# TASK ITEM:
Only one portion of the data is to be written out: from the line bearing "kitchen with stainless" through the line bearing "a bedroom with". Write it exactly as it appears.

[[ DATASET CONTENT open ]]

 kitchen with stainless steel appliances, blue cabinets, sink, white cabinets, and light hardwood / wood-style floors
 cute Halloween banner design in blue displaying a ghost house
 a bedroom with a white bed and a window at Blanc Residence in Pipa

[[ DATASET CONTENT closed ]]
[[ DATASET CONTENT open ]]

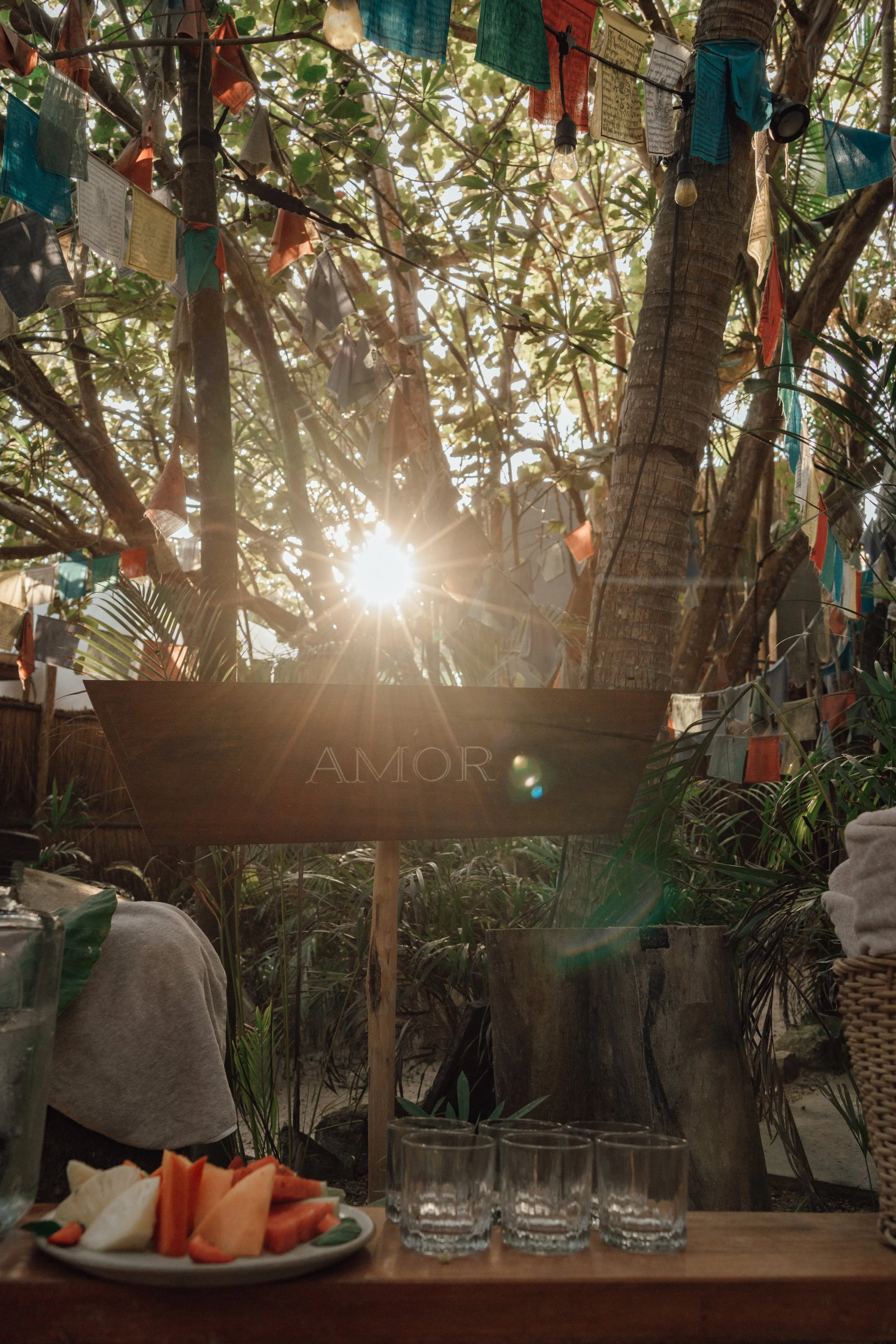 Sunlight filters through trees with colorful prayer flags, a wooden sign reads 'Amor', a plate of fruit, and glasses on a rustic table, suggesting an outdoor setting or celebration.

[[ DATASET CONTENT closed ]]

# ANSWER AREA:
 kitchen with stainless steel appliances, blue cabinets, sink, white cabinets, and light hardwood / wood-style floors
 cute Halloween banner design in blue displaying a ghost house
 a bedroom with a white bed and a window at Blanc Residence in Pipa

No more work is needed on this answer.